*** Opening of Records for the task ***

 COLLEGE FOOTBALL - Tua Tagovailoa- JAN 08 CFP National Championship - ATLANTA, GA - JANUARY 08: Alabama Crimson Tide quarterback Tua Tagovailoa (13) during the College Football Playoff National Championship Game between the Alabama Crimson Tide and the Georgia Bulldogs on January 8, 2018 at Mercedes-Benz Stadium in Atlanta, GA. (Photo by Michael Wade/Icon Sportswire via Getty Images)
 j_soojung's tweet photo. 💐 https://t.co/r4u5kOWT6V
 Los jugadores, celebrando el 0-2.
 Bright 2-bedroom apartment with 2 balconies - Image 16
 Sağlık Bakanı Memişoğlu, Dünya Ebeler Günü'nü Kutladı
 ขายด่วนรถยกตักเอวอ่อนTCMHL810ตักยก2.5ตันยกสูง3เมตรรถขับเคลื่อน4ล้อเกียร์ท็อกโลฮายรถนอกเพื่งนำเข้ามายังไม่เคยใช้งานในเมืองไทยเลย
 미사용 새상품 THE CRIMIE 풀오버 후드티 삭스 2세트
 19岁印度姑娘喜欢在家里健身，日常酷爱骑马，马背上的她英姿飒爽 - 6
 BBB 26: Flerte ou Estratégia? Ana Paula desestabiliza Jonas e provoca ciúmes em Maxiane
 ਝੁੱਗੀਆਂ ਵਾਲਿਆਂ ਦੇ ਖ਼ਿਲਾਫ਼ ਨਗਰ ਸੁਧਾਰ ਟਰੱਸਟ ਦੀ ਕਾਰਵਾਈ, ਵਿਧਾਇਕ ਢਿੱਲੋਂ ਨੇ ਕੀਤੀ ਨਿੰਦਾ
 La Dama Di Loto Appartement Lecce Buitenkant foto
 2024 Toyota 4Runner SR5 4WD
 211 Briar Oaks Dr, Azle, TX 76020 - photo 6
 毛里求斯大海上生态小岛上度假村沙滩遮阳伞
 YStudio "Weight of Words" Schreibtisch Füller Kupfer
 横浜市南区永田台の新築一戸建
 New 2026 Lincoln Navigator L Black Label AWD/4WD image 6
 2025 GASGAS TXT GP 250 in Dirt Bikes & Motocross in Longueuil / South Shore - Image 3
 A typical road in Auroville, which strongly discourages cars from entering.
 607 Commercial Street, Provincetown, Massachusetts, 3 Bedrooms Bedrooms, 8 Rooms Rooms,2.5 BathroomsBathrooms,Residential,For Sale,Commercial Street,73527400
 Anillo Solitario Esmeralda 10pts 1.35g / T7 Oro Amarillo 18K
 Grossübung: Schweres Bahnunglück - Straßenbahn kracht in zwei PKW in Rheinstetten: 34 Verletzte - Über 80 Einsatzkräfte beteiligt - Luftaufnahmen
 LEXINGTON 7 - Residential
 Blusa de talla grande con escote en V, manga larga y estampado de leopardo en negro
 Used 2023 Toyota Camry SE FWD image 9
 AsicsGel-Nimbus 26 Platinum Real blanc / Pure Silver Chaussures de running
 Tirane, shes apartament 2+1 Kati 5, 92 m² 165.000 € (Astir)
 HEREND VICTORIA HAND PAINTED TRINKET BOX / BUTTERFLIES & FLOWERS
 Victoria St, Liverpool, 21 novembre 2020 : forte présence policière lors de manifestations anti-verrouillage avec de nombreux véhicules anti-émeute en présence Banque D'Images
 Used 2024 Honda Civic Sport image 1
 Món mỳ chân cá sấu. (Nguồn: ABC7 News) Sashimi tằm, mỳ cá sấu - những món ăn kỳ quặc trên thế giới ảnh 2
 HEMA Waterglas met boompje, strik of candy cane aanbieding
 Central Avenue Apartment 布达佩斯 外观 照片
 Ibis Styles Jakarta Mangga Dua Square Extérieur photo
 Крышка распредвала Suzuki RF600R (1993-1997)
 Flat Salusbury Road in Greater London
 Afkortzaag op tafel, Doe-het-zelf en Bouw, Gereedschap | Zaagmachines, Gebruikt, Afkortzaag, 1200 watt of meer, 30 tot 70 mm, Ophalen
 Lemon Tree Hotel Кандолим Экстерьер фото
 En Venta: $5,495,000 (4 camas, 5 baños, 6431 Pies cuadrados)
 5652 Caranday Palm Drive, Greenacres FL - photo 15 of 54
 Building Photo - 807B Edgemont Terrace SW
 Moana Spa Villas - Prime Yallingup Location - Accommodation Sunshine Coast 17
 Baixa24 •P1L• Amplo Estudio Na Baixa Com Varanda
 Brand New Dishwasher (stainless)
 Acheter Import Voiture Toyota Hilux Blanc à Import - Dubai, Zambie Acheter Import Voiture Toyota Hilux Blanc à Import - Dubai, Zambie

*** Close of Records for the task ***

- **Problem requirements**
Exactly as written, please reproduce the lines from the first line of the data to the line containing "19岁印度姑娘喜欢在家里健身，日常酷爱骑马，马背上的她英姿飒爽 - 6", inclusive, and nothing else.

- **Written solution**
 COLLEGE FOOTBALL - Tua Tagovailoa- JAN 08 CFP National Championship - ATLANTA, GA - JANUARY 08: Alabama Crimson Tide quarterback Tua Tagovailoa (13) during the College Football Playoff National Championship Game between the Alabama Crimson Tide and the Georgia Bulldogs on January 8, 2018 at Mercedes-Benz Stadium in Atlanta, GA. (Photo by Michael Wade/Icon Sportswire via Getty Images)
 j_soojung's tweet photo. 💐 https://t.co/r4u5kOWT6V
 Los jugadores, celebrando el 0-2.
 Bright 2-bedroom apartment with 2 balconies - Image 16
 Sağlık Bakanı Memişoğlu, Dünya Ebeler Günü'nü Kutladı
 ขายด่วนรถยกตักเอวอ่อนTCMHL810ตักยก2.5ตันยกสูง3เมตรรถขับเคลื่อน4ล้อเกียร์ท็อกโลฮายรถนอกเพื่งนำเข้ามายังไม่เคยใช้งานในเมืองไทยเลย
 미사용 새상품 THE CRIMIE 풀오버 후드티 삭스 2세트
 19岁印度姑娘喜欢在家里健身，日常酷爱骑马，马背上的她英姿飒爽 - 6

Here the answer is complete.